Il résulte de ce qui précède, et sans qu’il soit besoin de se prononcer sur les autres moyens de la requête, que M. B… est fondé à demander l’annulation de l’arrêté du 23 juillet 2024.
Sur les conclusions à fin d’injonction :
Il ne résulte pas de l’instruction qu’à la date de la présente décision, M. B… remplisse l’ensemble des conditions permettant qu’une carte de résident lui soit délivrée sur le fondement des stipulations de l’article 7 bis a) de l’accord franco-algérien du 27 décembre 1968. Par suite, le présent jugement implique seulement qu’il soit enjoint au préfet du Puy-de-Dôme de réexaminer la situation de M. B… dans un délai de deux mois à compter de la notification de la décision à intervenir. Il n’y a pas d’assortir cette injonction d’une astreinte.

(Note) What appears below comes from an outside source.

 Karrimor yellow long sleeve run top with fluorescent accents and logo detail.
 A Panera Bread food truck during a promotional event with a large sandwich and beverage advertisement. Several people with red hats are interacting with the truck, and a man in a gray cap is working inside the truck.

Sur les frais liés au litige :
6. Il y a lieu, dans les circonstances de l’espèce, de mettre à la charge de l’Etat une somme de 1 200 euros en application des dispositions de l’article L. 761-1 du code de justice administrative.
D E C I D E :
Article 1er : L’arrêté du 23 juillet 2024 du préfet du Puy-de-Dôme est annulé.
Article 2 : Il est enjoint au préfet du Puy-de-Dôme de réexaminer la situation de M. B… dans un délai de deux mois.

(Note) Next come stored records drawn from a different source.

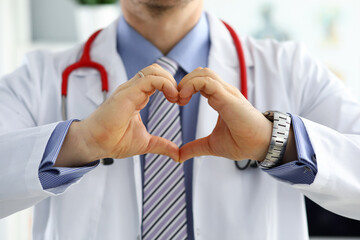 Sticker - Male medicine doctor hands showing heart shape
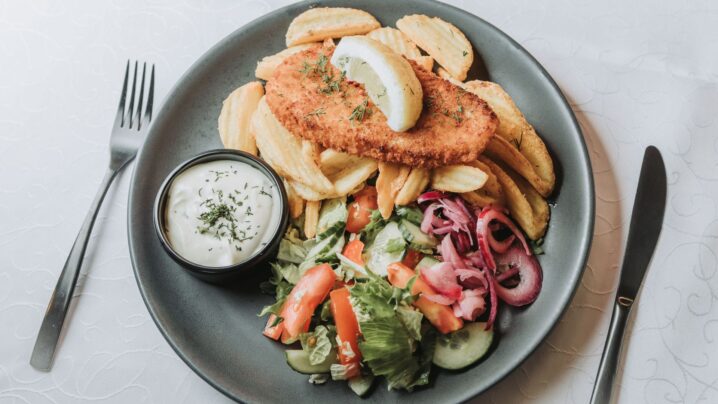 Paneeritud kala, mida serveeritakse friikartulite, salati ja väikese kausitäie kastmega tumehallil taldrikul kahvli ja noaga valgel laudlinal.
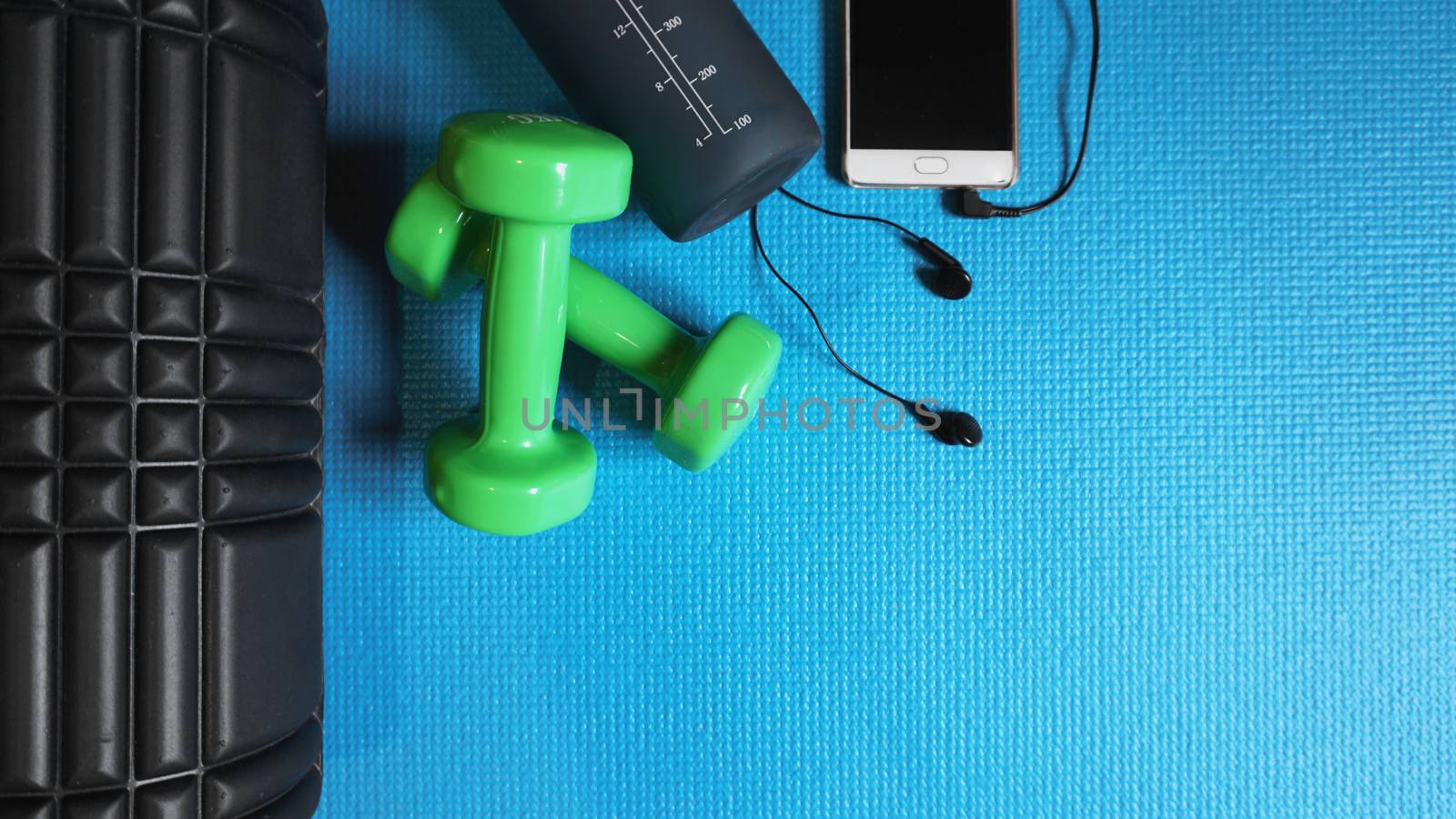 Foam Roller with green dumbbells and water bottle and telephone with headphones - Gym Fitness Equipment Blue background self Myofascial Release - MFR.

Article 3 : Le surplus des conclusions de la requête est rejeté.
Article 4 : L’Etat versera à M. B… la somme de 1 200 euros en application des dispositions de l’article L. 761-1 du code de justice administrative.
Article 5 : Le présent jugement sera notifié à M. A… B… et au préfet du Puy-de-Dôme.
Délibéré après l’audience du 5 décembre 2025 à laquelle siégeaient :
Mme Caraës, présidente,
Mme Bollon, première conseillère,
Mme Michaud, conseillère.
Rendu public par mise à disposition au greffe le 19 décembre 2025.
La rapporteure,
H. MICHAUD
La présidente,
R. CARAËS La greffière,
F. LLORACH
La République mande et ordonne au préfet du Puy-de-Dôme en ce qui le concerne ou à tous commissaires de justice à ce requis en ce qui concerne les voies de droit commun contre les parties privées de pourvoir à l’exécution de la présente décision.